Las niñas, aun de corta edad, no tienen derecho al chapoteo para combatir un calor de 40 grados.
Comida rápida
La playa está concurrida únicamente de noche. Hay camionetas que venden fast food saudí-américana.
El pollo del coronel Sanders no sabe a caballo de Kentucky sino a camello del príncipe Abdullah. Y la pizza hut se llama torta del jeque.
En cuanto a los monumentos que decoran el litoral jamás son de delfines o figuras humanas.
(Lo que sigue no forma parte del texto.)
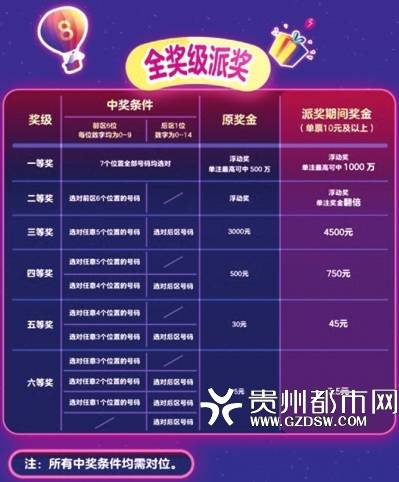 快评 第271页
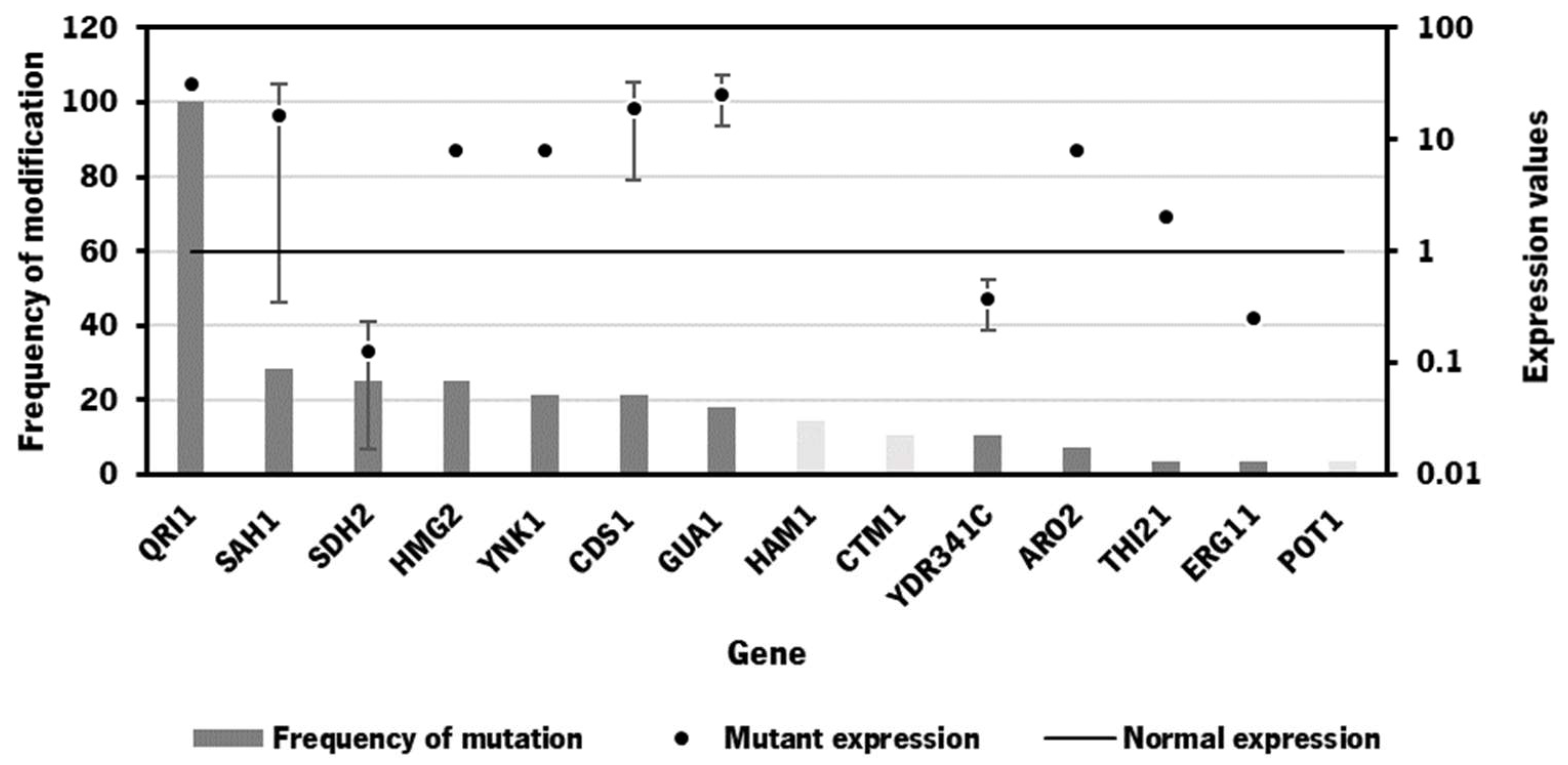 Preprints 93811 g003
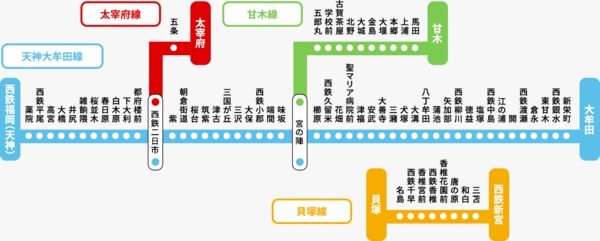 西鐵電車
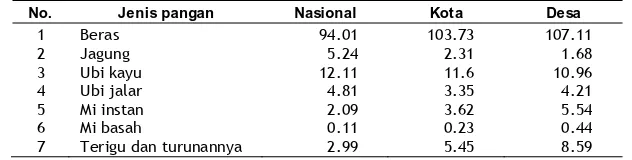 Tabel 9. Kontribusi Energi dari Beras, Jagung, Ubi Kayu, Ubi Jalar, Terigu dan Turunannya,                     Mi Instan, Mi Basah menurut Wilayah dan Kelas Pendapatan (%) 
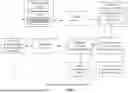 Fig. 02 - MULTI-DIGITAL ASSET SOURCE DIGITAL ASSET-BASED INTERACTION FACILITATION VIA DESTINATION COMPUTING ENTITY-PRESENTED USER INTERFACE
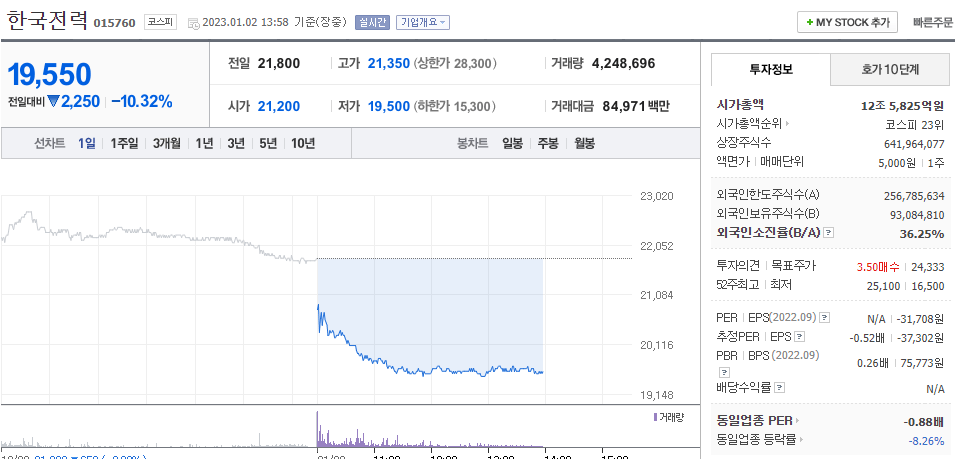  (015760)한국전력 주가 전망 한국전력 주가 급락 이유는?
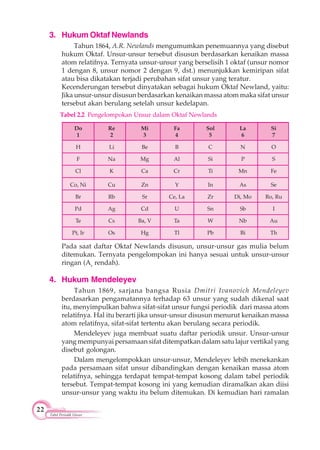 22
Tabel Periodik Unsur
3. Hukum Oktaf Newlands
Tahun 1864, A.R. Newlands mengumumkan penemuannya yang disebut
hukum Oktaf. Unsur-unsur tersebut disusun berdasarkan kenaikan massa
atom relatifnya. Ternyata unsur-unsur yang berselisih 1 oktaf (unsur nomor
1 dengan 8, unsur nomor 2 dengan 9, dst.) menunjukkan kemiripan sifat
atau bisa dikatakan terjadi perubahan sifat unsur yang teratur.
Kecenderungan tersebut dinyatakan sebagai hukum Oktaf Newland, yaitu:
Jika unsur-unsur disusun berdasarkan kenaikan massa atom maka sifat unsur
tersebut akan berulang setelah unsur kedelapan.
Pada saat daftar Oktaf Newlands disusun, unsur-unsur gas mulia belum
ditemukan. Ternyata pengelompokan ini hanya sesuai untuk unsur-unsur
ringan (Ar
rendah).
4. Hukum Mendeleyev
Tahun 1869, sarjana bangsa Rusia Dmitri Ivanovich Mendeleyev
berdasarkan pengamatannya terhadap 63 unsur yang sudah dikenal saat
itu, menyimpulkan bahwa sifat-sifat unsur fungsi periodik dari massa atom
relatifnya. Hal itu berarti jika unsur-unsur disusun menurut kenaikan massa
atom relatifnya, sifat-sifat tertentu akan berulang secara periodik.
Mendeleyev juga membuat suatu daftar periodik unsur. Unsur-unsur
yang mempunyai persamaan sifat ditempatkan dalam satu lajur vertikal yang
disebut golongan.
Dalam mengelompokkan unsur-unsur, Mendeleyev lebih menekankan
pada persamaan sifat unsur dibandingkan dengan kenaikan massa atom
relatifnya, sehingga terdapat tempat-tempat kosong dalam tabel periodik
tersebut. Tempat-tempat kosong ini yang kemudian diramalkan akan diisi
unsur-unsur yang waktu itu belum ditemukan. Di kemudian hari ramalan
Tabel 2.2 Pengelompokan Unsur dalam Oktaf Newlands
Do Re Mi Fa Sol La Si
1 2 3 4 5 6 7
H Li Be B C N O
F Na Mg Al Si P S
Cl K Ca Cr Ti Mn Fe
Co, Ni Cu Zn Y In As Se
Br Rb Sr Ce, La Zr Di, Mo Ro, Ru
Pd Ag Cd U Sn Sb I
Te Cs Ba, V Ta W Nb Au
Pt, Ir Os Hg Tl Pb Bi Th
 
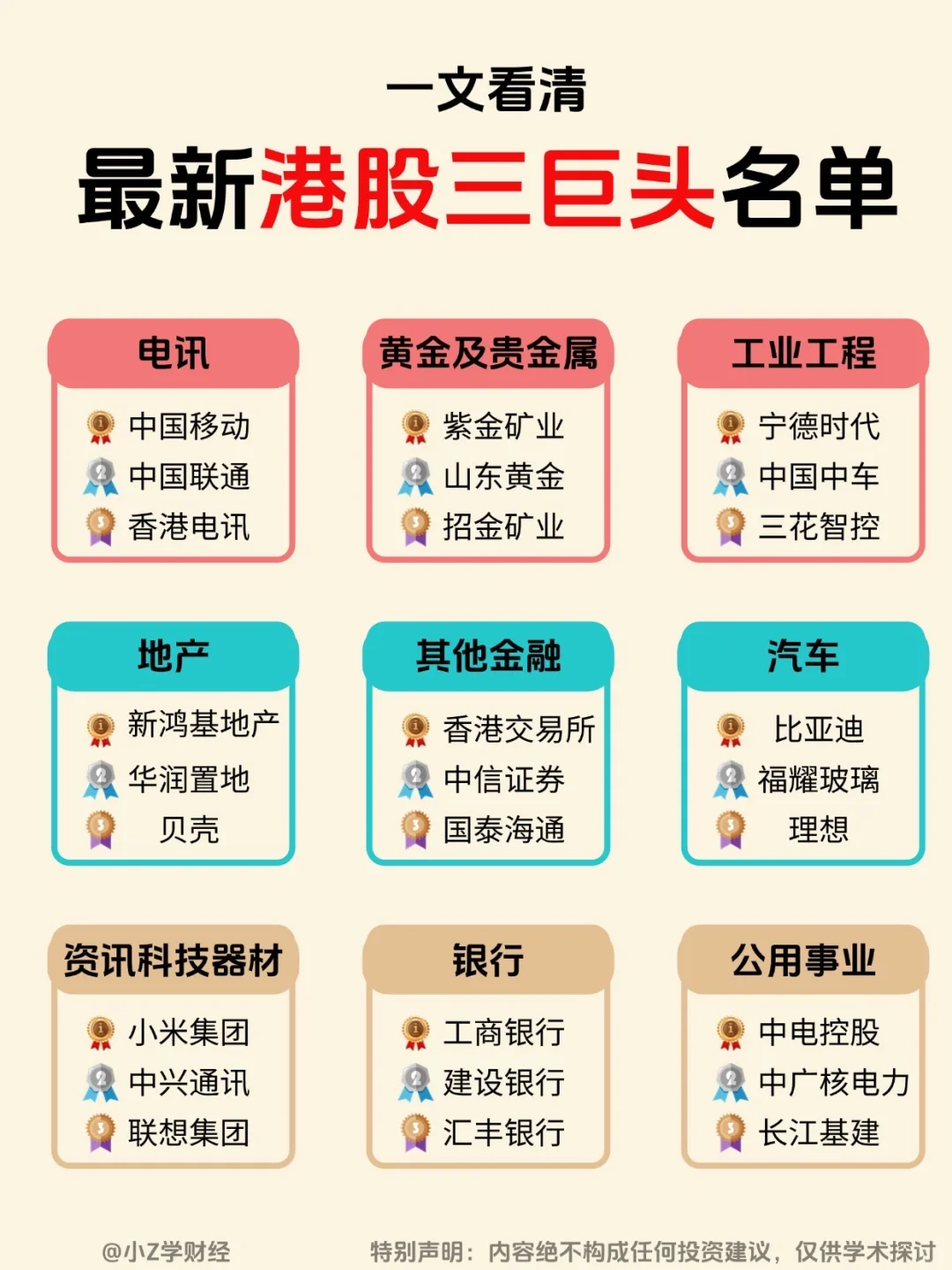?一文看清港股各行业三巨头❗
Ni siquiera está autorizada la del pescador.
Son absurdos monumentos a la tetera desconocida o a la heroica marmita. El Corán es algo muy serio y no permite otras frivolidades.
En la playa, se puede ver cómo los hombres se acarician únicamente los pies con una mano mientras pasan cuentas de rosario con la otra.
Los niños piden bañarse y se les obliga a hacerlo con mucha tela puesta, en ocasiones perseguidos por la madre que se sumerge hasta lo que imaginamos que será la rodilla, pues todo su cuerpo no pierde ni un solo momento la aterradora silueta de la ballena.
Aroma de petróleo
Por lo demás, se entiende pronto que a nadie le gusta poner las posaderas como no sea muy cerca del tráfico rodado. Allí, a la altura saludable de los tubos de escape, el saudí aspira con gozo el aroma del petróleo, clave de su riqueza, esencia misma de su ser gas tan mareante como el aborrecido alcohol.
A las dos de la madrugada los saudíes vuelven a sus hogares arrastrando en el rostro la sombra de un tedio infinito (en las mujeres, claro está, permanece el enigma) y, sin embargo, parecen estar diciendo: "¡Qué buena vida nos damos! ¡Qué suerte tenemos!".
Después, el tráfico arrasa la cornisa jalonada de mezquitas, y la luna se ve más alta, llena y triste. Nadie se abraza ni se besa aquí. Los niños gritan como los motores y todos huyen dando bocinazos a la vez. Seguramente porque son felices.